Provided records below:
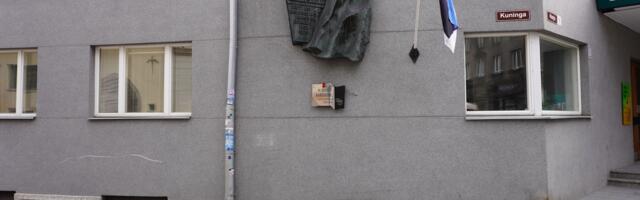 PILTUUDIS ⟩ Küüditaja Smuuli bareljeefi ehtisid Euroopa päeva puhul punased nelgid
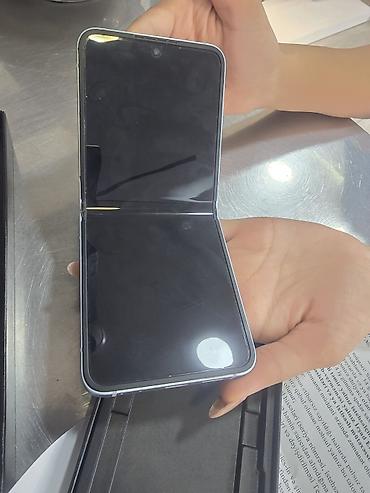 Mobil telefonlar: Samsung Z Flip, 256 GB, rəng - Mavi — 5
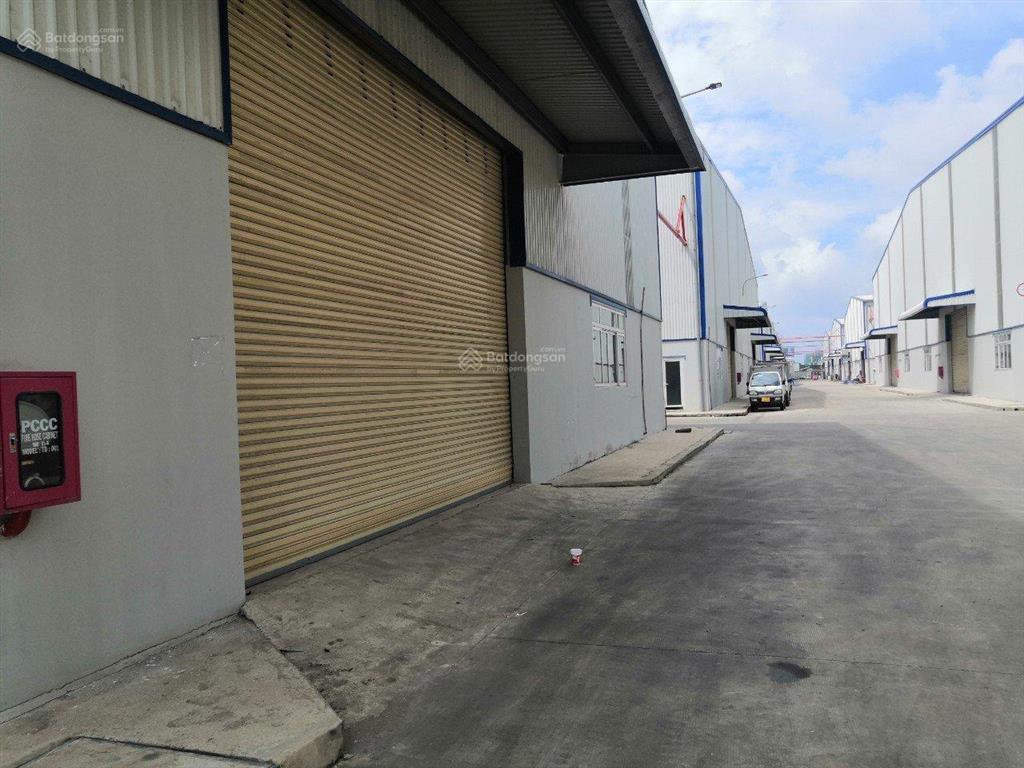 Chính chủ cho thuê kho chứa hàng diện tích 5000m2 đầy đủ pccc nghiệm thu tại đức hòa, long an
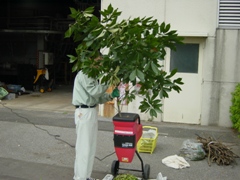 粉砕機（使用中）の写真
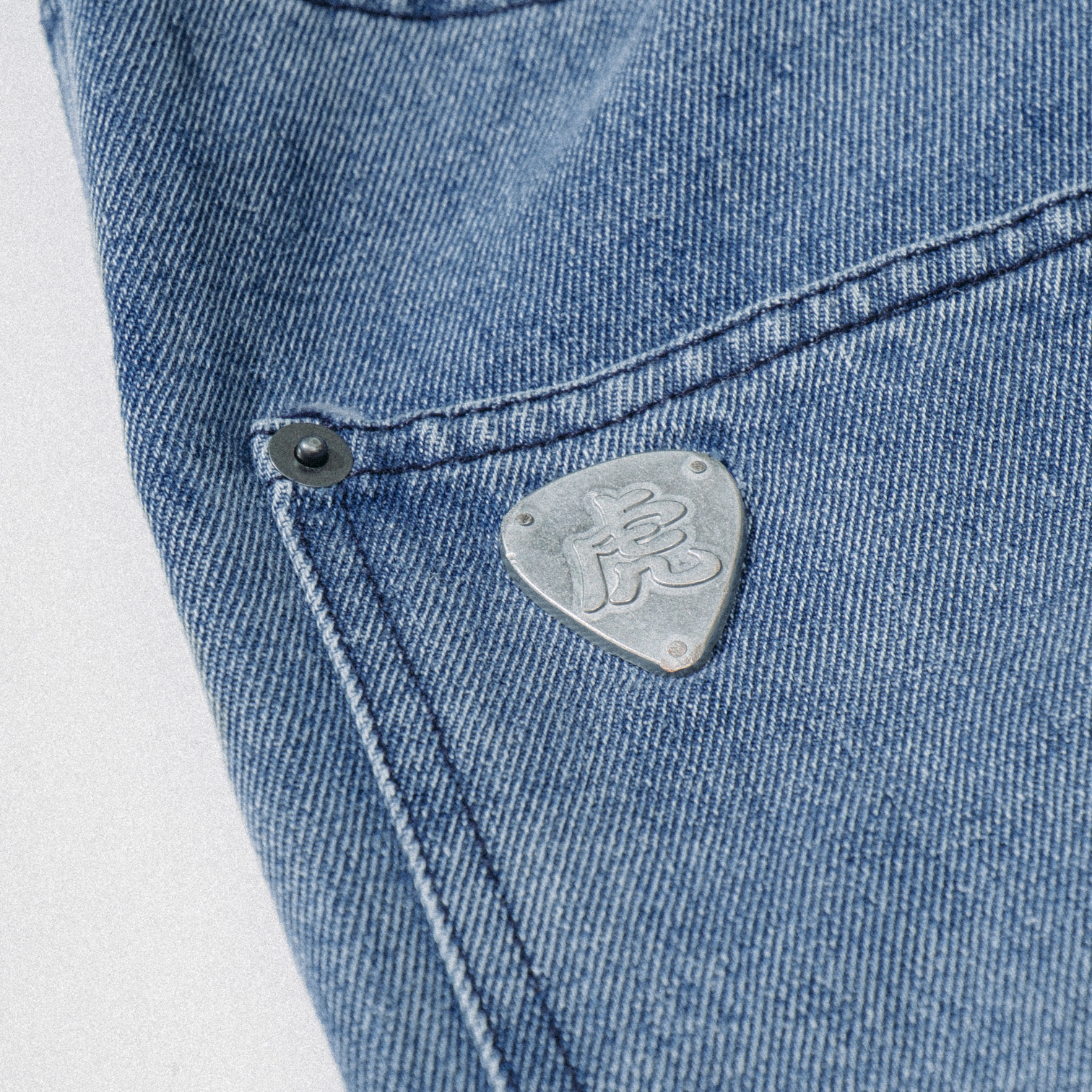 #JE002 (PRE-ORDER)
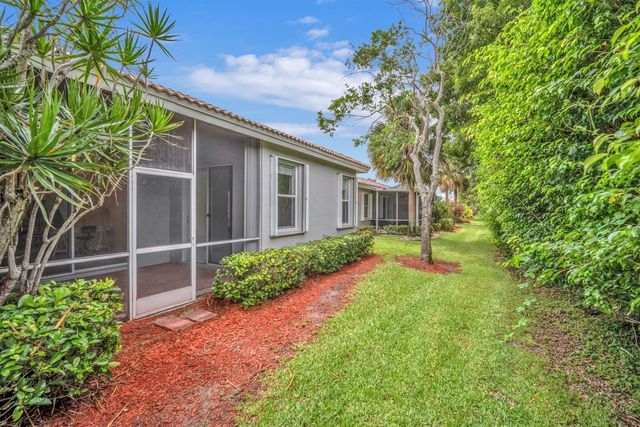 10788 Royal Caribbean Circle, Boynton Beach, FL 33437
End of Provided records.
Task description:
Reproduce all the data as it stands. The pictures are not part of the copy.

Task output:
 PILTUUDIS ⟩ Küüditaja Smuuli bareljeefi ehtisid Euroopa päeva puhul punased nelgid
 Mobil telefonlar: Samsung Z Flip, 256 GB, rəng - Mavi — 5
 Chính chủ cho thuê kho chứa hàng diện tích 5000m2 đầy đủ pccc nghiệm thu tại đức hòa, long an
 粉砕機（使用中）の写真
 #JE002 (PRE-ORDER)
 10788 Royal Caribbean Circle, Boynton Beach, FL 33437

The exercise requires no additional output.